**What to produce**
Would you retype the listing word for word, skipping its pictures?

------------------------------------------------------------------------

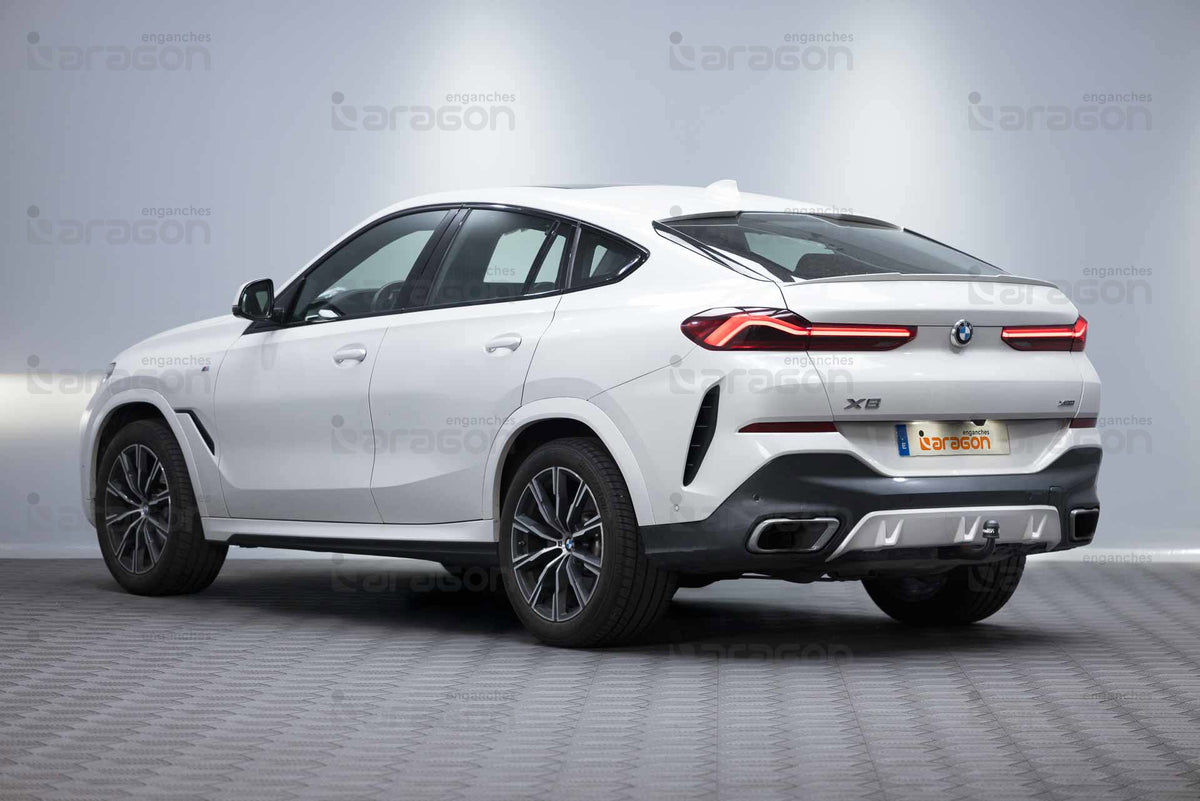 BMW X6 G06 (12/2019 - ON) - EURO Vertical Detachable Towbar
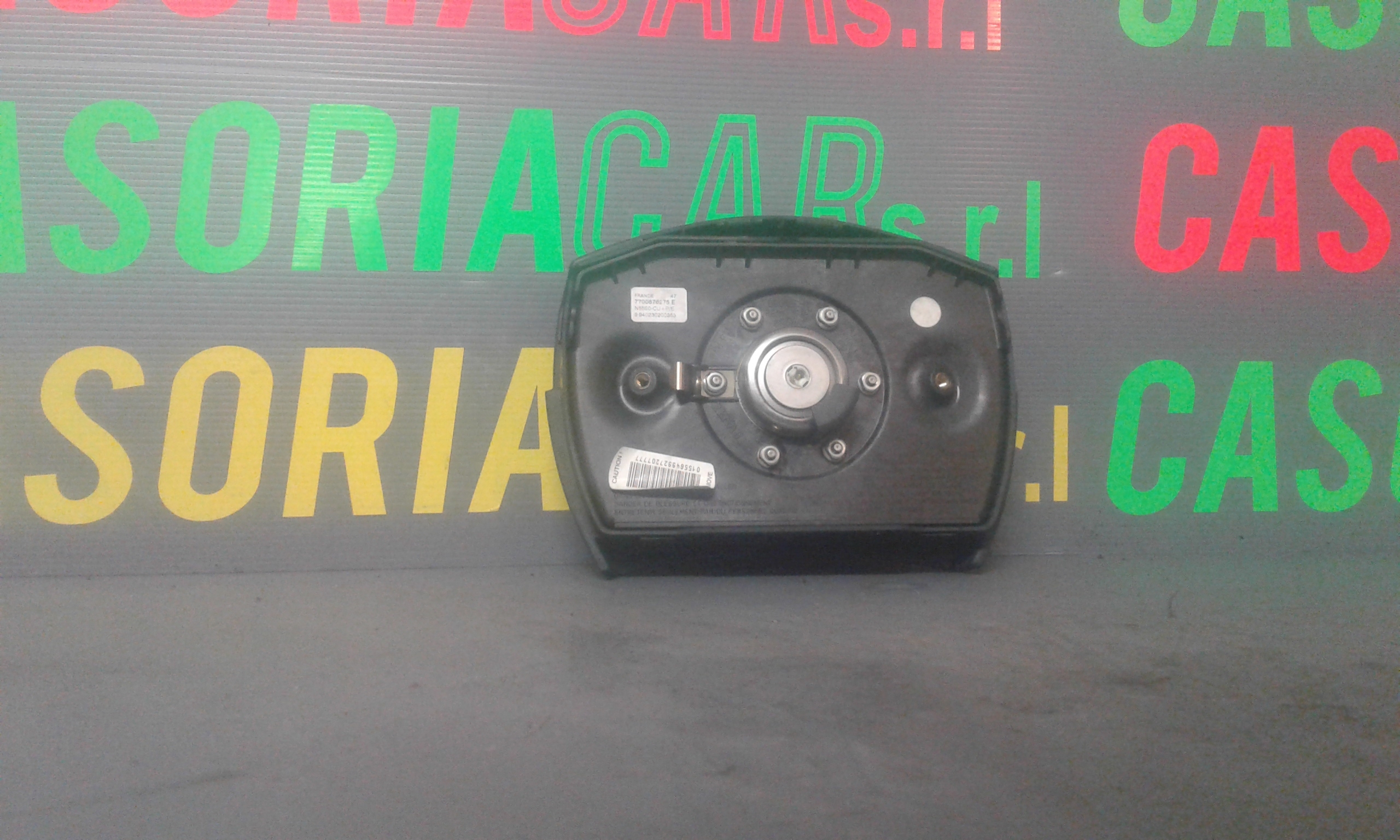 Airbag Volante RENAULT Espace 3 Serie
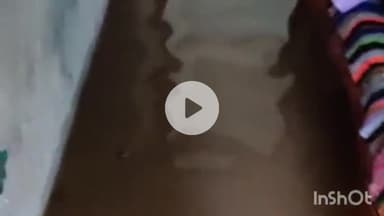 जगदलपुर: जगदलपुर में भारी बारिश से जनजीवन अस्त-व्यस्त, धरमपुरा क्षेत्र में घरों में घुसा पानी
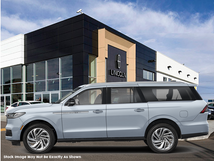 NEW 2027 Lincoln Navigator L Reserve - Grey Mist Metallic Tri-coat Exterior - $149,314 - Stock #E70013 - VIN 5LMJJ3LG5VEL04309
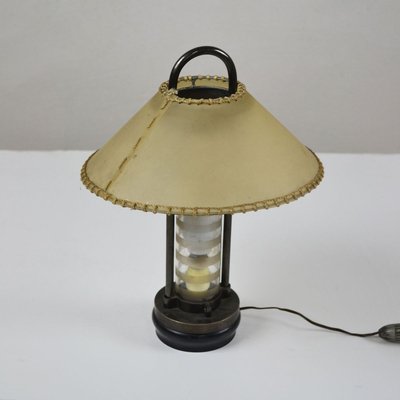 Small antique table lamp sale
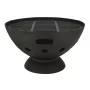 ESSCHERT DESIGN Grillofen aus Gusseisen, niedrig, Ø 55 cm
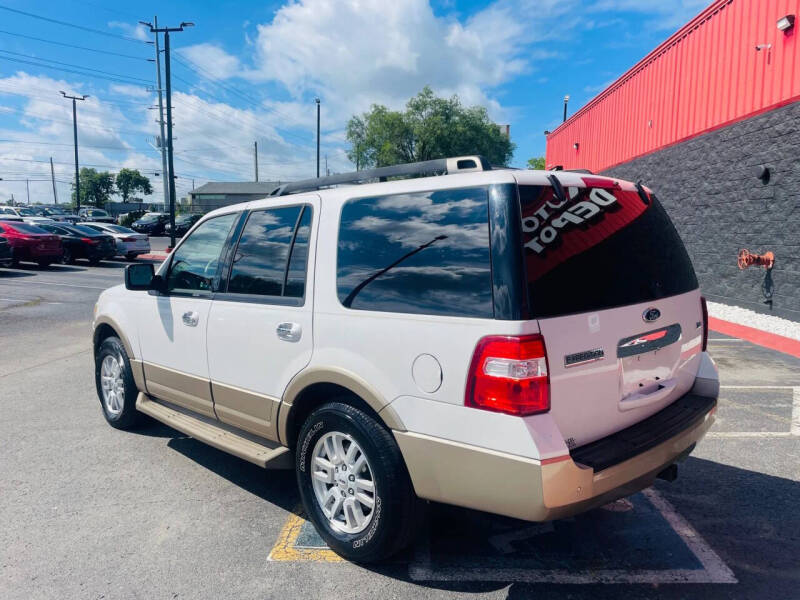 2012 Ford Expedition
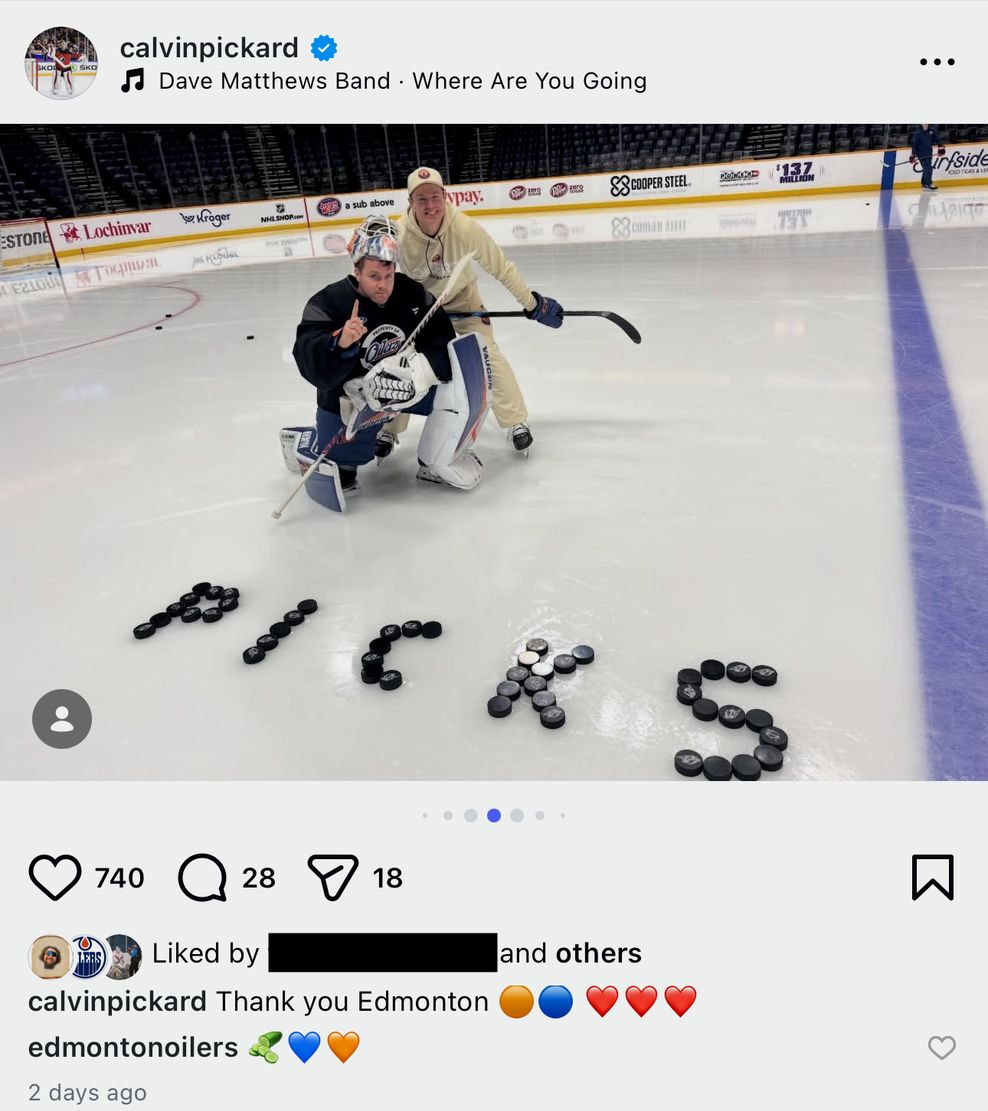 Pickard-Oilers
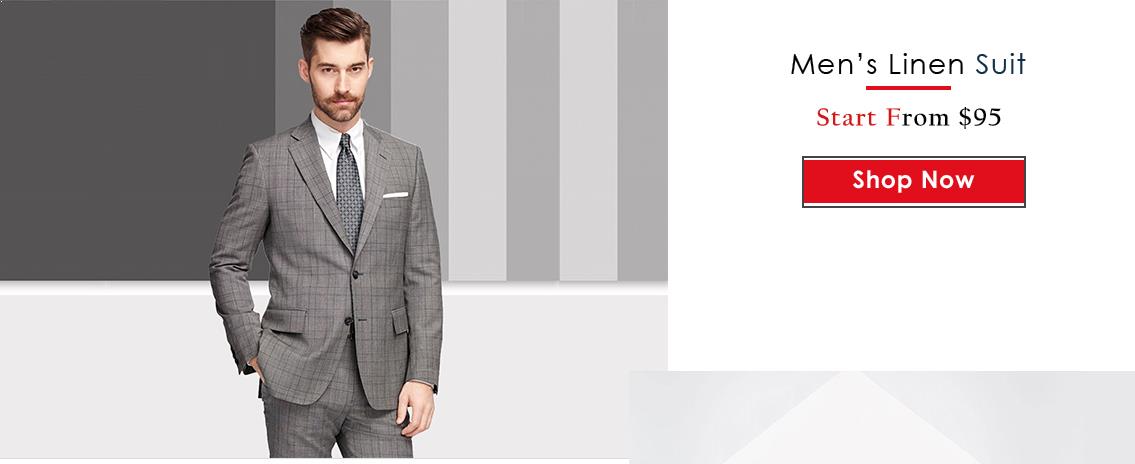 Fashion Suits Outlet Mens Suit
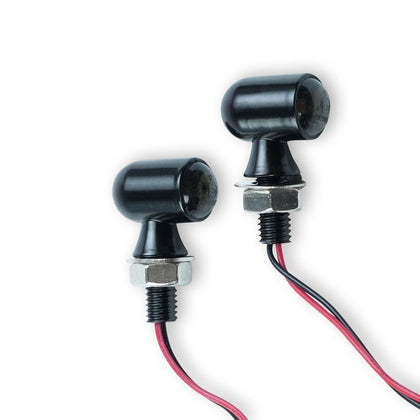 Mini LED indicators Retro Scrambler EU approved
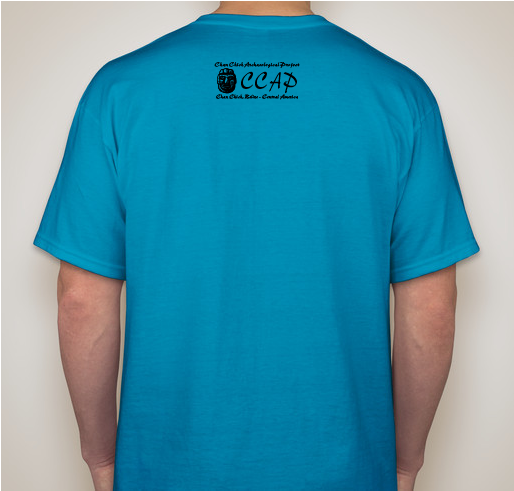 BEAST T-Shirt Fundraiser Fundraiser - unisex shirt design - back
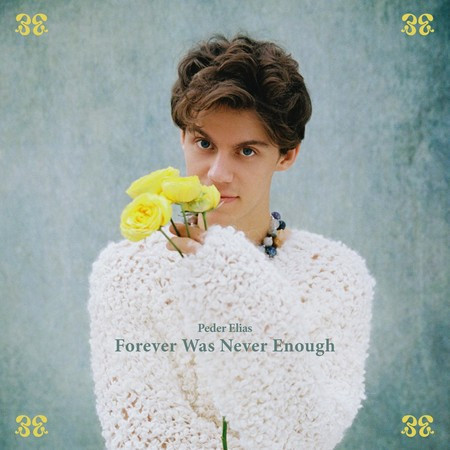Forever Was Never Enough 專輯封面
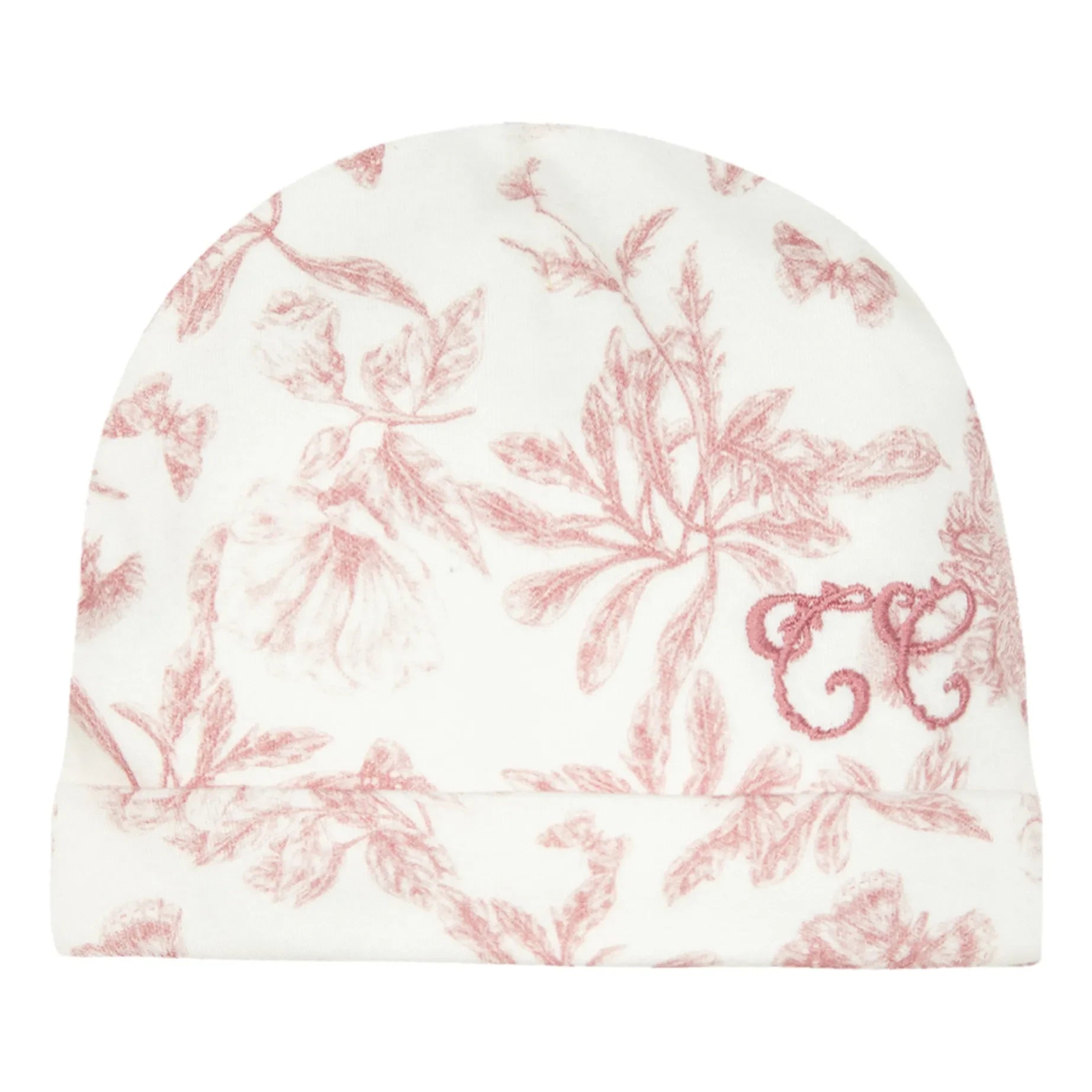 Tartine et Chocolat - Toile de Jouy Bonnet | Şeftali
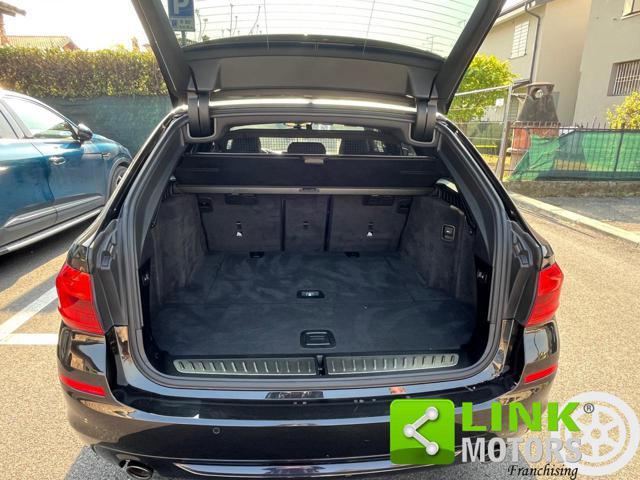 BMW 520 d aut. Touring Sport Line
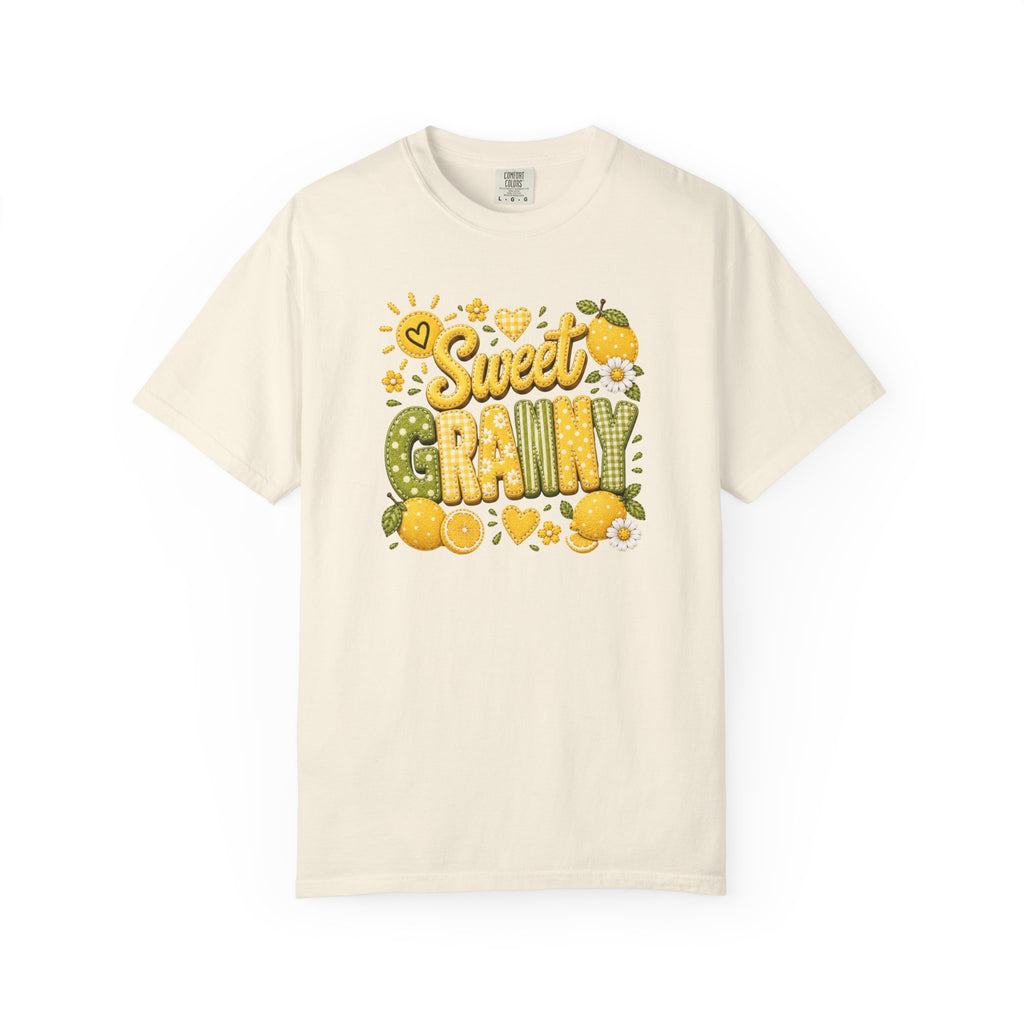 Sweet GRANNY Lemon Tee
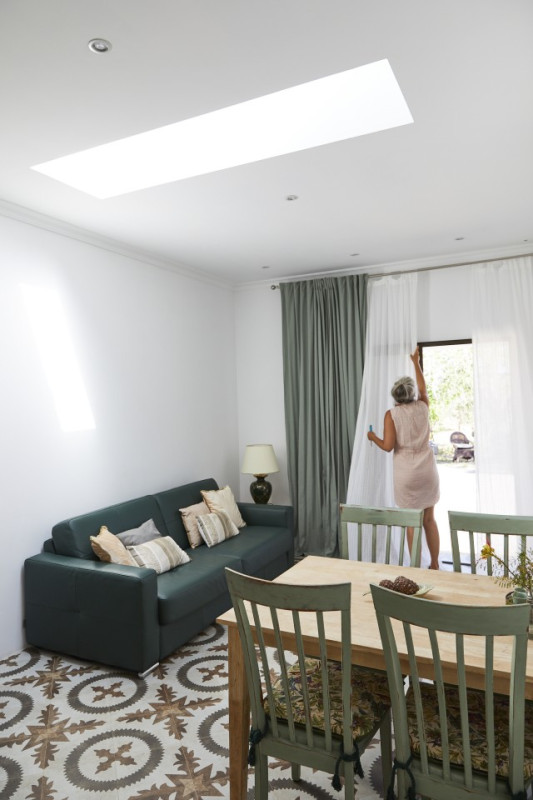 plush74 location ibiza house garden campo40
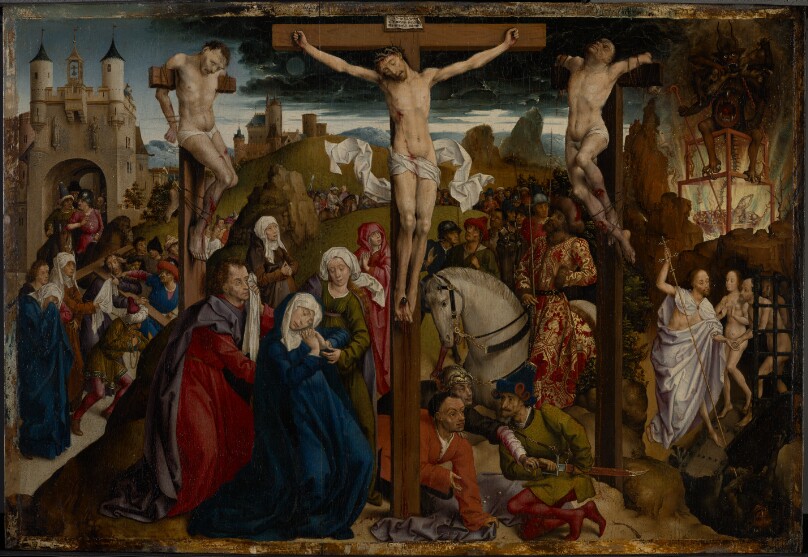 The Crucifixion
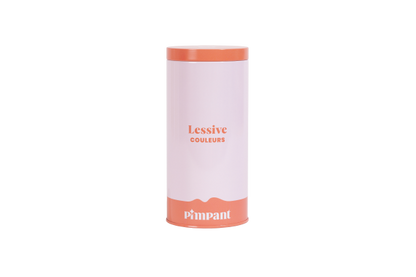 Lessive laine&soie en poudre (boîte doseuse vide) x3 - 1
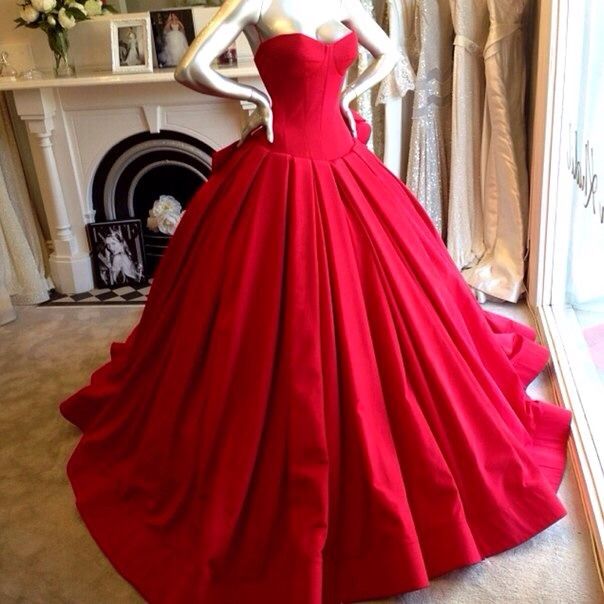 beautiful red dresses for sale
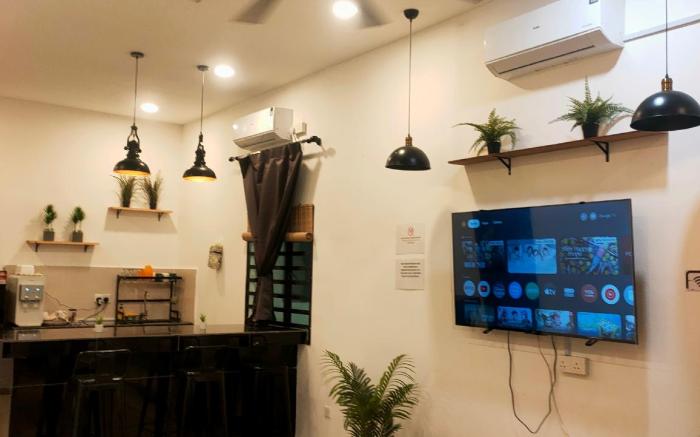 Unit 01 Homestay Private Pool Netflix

------------------------------------------------------------------------

**Answer space**
 BMW X6 G06 (12/2019 - ON) - EURO Vertical Detachable Towbar
 Airbag Volante RENAULT Espace 3 Serie
 जगदलपुर: जगदलपुर में भारी बारिश से जनजीवन अस्त-व्यस्त, धरमपुरा क्षेत्र में घरों में घुसा पानी
 NEW 2027 Lincoln Navigator L Reserve - Grey Mist Metallic Tri-coat Exterior - $149,314 - Stock #E70013 - VIN 5LMJJ3LG5VEL04309
 Small antique table lamp sale
 ESSCHERT DESIGN Grillofen aus Gusseisen, niedrig, Ø 55 cm
 2012 Ford Expedition
 Pickard-Oilers
 Fashion Suits Outlet Mens Suit
 Mini LED indicators Retro Scrambler EU approved
 BEAST T-Shirt Fundraiser Fundraiser - unisex shirt design - back
Forever Was Never Enough 專輯封面
 Tartine et Chocolat - Toile de Jouy Bonnet | Şeftali
 BMW 520 d aut. Touring Sport Line
 Sweet GRANNY Lemon Tee
 plush74 location ibiza house garden campo40
 The Crucifixion
 Lessive laine&soie en poudre (boîte doseuse vide) x3 - 1
 beautiful red dresses for sale
 Unit 01 Homestay Private Pool Netflix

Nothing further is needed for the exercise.